▶ TO DO: Below are the records; retype each one exactly.

▶ Web page caption snippets:

========

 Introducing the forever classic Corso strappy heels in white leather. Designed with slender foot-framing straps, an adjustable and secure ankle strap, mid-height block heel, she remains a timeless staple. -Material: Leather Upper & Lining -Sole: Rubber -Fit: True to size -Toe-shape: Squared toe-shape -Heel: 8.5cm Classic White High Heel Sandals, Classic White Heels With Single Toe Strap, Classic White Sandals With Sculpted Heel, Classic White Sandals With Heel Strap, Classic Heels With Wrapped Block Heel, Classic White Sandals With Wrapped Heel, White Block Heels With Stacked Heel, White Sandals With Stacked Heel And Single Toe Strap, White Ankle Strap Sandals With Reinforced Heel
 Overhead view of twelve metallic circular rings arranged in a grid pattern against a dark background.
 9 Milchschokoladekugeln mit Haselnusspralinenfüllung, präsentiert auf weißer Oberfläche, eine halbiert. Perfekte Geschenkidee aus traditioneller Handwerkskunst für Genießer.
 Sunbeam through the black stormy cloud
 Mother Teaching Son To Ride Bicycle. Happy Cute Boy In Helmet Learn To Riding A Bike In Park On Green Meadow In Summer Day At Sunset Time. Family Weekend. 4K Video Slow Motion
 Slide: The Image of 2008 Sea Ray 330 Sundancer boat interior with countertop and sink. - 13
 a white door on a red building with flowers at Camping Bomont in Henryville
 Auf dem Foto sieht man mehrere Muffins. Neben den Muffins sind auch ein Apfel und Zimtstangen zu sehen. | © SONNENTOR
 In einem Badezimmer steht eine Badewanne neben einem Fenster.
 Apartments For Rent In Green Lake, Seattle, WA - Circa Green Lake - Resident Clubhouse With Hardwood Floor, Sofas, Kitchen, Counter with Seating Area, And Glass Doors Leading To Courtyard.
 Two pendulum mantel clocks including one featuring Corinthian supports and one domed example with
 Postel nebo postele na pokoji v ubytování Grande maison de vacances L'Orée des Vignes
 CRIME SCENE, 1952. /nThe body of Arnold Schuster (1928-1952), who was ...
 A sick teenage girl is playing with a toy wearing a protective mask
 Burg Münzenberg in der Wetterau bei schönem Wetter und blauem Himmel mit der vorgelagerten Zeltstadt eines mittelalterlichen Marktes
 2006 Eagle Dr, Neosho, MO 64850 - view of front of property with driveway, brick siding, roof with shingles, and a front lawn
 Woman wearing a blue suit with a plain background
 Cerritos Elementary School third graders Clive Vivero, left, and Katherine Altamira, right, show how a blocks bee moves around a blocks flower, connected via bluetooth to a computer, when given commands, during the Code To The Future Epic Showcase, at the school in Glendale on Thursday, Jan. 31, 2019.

========

▶ SOLUTION TO THIS PROBLEM:
 Introducing the forever classic Corso strappy heels in white leather. Designed with slender foot-framing straps, an adjustable and secure ankle strap, mid-height block heel, she remains a timeless staple. -Material: Leather Upper & Lining -Sole: Rubber -Fit: True to size -Toe-shape: Squared toe-shape -Heel: 8.5cm Classic White High Heel Sandals, Classic White Heels With Single Toe Strap, Classic White Sandals With Sculpted Heel, Classic White Sandals With Heel Strap, Classic Heels With Wrapped Block Heel, Classic White Sandals With Wrapped Heel, White Block Heels With Stacked Heel, White Sandals With Stacked Heel And Single Toe Strap, White Ankle Strap Sandals With Reinforced Heel
 Overhead view of twelve metallic circular rings arranged in a grid pattern against a dark background.
 9 Milchschokoladekugeln mit Haselnusspralinenfüllung, präsentiert auf weißer Oberfläche, eine halbiert. Perfekte Geschenkidee aus traditioneller Handwerkskunst für Genießer.
 Sunbeam through the black stormy cloud
 Mother Teaching Son To Ride Bicycle. Happy Cute Boy In Helmet Learn To Riding A Bike In Park On Green Meadow In Summer Day At Sunset Time. Family Weekend. 4K Video Slow Motion
 Slide: The Image of 2008 Sea Ray 330 Sundancer boat interior with countertop and sink. - 13
 a white door on a red building with flowers at Camping Bomont in Henryville
 Auf dem Foto sieht man mehrere Muffins. Neben den Muffins sind auch ein Apfel und Zimtstangen zu sehen. | © SONNENTOR
 In einem Badezimmer steht eine Badewanne neben einem Fenster.
 Apartments For Rent In Green Lake, Seattle, WA - Circa Green Lake - Resident Clubhouse With Hardwood Floor, Sofas, Kitchen, Counter with Seating Area, And Glass Doors Leading To Courtyard.
 Two pendulum mantel clocks including one featuring Corinthian supports and one domed example with
 Postel nebo postele na pokoji v ubytování Grande maison de vacances L'Orée des Vignes
 CRIME SCENE, 1952. /nThe body of Arnold Schuster (1928-1952), who was ...
 A sick teenage girl is playing with a toy wearing a protective mask
 Burg Münzenberg in der Wetterau bei schönem Wetter und blauem Himmel mit der vorgelagerten Zeltstadt eines mittelalterlichen Marktes
 2006 Eagle Dr, Neosho, MO 64850 - view of front of property with driveway, brick siding, roof with shingles, and a front lawn
 Woman wearing a blue suit with a plain background
 Cerritos Elementary School third graders Clive Vivero, left, and Katherine Altamira, right, show how a blocks bee moves around a blocks flower, connected via bluetooth to a computer, when given commands, during the Code To The Future Epic Showcase, at the school in Glendale on Thursday, Jan. 31, 2019.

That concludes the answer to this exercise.